* [DIRECTIONS]: From the records below, transcribe exactly the lines that begin at the line with "天王町公園　約140ｍ" and end at the line with "CHP Genel Başkanı", both included.

****************************************

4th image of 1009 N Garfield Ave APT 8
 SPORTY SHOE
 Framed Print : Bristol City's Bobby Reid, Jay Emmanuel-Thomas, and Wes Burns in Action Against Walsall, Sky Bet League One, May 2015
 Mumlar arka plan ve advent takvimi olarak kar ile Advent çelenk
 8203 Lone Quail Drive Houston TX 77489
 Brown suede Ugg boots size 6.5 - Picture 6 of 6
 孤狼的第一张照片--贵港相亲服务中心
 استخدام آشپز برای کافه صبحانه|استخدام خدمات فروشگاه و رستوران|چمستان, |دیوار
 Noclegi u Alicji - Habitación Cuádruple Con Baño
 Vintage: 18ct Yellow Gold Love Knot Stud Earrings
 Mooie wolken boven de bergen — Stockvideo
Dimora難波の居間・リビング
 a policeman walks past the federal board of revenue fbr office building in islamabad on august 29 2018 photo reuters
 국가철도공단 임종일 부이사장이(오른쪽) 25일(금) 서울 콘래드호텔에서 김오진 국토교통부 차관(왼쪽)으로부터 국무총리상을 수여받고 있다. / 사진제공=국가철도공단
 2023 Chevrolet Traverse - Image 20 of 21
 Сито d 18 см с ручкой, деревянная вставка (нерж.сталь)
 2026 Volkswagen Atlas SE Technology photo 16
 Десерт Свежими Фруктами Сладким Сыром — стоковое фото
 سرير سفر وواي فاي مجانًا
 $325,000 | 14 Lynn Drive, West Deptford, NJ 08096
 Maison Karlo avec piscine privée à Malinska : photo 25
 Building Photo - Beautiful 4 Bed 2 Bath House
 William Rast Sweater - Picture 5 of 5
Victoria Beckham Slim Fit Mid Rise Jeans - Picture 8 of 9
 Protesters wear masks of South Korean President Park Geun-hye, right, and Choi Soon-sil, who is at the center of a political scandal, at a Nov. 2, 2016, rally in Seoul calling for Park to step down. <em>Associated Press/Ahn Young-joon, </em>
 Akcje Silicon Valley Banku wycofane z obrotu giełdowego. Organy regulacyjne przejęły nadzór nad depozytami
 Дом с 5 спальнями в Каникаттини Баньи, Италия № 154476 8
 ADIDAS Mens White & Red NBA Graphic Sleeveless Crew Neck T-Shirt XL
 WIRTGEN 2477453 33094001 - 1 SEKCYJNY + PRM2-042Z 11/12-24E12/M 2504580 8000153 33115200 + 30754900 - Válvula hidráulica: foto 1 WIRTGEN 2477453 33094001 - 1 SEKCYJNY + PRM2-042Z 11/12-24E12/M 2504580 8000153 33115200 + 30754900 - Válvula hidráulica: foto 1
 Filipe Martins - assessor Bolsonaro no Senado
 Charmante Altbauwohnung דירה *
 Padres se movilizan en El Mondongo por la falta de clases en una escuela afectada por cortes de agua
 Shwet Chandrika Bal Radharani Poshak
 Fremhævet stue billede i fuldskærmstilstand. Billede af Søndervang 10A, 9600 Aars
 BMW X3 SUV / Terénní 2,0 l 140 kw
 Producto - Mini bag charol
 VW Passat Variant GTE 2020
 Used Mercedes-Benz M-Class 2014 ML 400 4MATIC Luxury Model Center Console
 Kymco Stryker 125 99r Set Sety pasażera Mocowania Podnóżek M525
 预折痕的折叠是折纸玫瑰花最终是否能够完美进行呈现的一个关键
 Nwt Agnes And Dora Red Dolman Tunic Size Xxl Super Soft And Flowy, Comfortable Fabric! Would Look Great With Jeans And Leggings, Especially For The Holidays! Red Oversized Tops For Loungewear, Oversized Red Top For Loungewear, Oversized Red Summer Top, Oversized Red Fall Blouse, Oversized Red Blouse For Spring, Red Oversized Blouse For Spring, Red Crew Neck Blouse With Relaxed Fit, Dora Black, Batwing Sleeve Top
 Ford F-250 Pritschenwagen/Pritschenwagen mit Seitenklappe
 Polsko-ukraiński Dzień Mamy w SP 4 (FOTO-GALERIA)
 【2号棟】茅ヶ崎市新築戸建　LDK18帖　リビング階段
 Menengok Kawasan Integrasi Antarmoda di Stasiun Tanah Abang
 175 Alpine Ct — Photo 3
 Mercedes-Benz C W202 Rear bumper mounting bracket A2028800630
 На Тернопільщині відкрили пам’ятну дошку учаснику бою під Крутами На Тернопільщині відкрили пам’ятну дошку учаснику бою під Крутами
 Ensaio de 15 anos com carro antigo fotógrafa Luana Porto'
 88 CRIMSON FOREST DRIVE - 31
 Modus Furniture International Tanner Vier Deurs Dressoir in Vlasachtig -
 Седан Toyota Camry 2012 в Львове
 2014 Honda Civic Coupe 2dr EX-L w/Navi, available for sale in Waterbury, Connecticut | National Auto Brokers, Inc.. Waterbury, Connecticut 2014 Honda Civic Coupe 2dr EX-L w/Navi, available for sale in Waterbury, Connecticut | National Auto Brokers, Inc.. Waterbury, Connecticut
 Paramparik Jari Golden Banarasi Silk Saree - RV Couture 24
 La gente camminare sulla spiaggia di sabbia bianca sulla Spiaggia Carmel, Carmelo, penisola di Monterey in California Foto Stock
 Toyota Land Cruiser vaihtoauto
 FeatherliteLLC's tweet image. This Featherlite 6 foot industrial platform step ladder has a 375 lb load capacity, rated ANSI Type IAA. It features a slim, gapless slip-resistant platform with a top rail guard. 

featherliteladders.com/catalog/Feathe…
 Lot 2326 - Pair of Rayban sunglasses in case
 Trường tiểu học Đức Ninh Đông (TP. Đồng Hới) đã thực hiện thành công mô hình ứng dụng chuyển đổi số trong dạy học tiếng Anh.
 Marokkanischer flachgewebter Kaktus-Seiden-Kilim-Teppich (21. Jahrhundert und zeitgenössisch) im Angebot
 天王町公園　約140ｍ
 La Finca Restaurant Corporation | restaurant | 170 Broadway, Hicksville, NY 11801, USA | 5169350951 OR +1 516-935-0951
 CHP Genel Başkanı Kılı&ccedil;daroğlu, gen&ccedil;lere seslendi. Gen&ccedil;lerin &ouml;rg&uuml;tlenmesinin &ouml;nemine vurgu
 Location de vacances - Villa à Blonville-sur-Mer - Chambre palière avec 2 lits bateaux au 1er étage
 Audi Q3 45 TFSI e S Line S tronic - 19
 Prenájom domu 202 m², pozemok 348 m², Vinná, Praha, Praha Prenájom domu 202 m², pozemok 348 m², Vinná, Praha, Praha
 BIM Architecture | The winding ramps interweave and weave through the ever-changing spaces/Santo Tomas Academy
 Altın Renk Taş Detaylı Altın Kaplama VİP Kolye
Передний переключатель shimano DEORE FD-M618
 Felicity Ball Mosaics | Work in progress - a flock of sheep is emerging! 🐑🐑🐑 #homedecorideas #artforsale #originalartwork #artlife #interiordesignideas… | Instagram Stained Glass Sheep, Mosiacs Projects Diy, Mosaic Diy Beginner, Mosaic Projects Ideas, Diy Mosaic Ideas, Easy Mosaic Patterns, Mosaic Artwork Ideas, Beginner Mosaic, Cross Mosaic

****************************************

* [COMPLETED TASK]:
 天王町公園　約140ｍ
 La Finca Restaurant Corporation | restaurant | 170 Broadway, Hicksville, NY 11801, USA | 5169350951 OR +1 516-935-0951
 CHP Genel Başkanı Kılı&ccedil;daroğlu, gen&ccedil;lere seslendi. Gen&ccedil;lerin &ouml;rg&uuml;tlenmesinin &ouml;nemine vurgu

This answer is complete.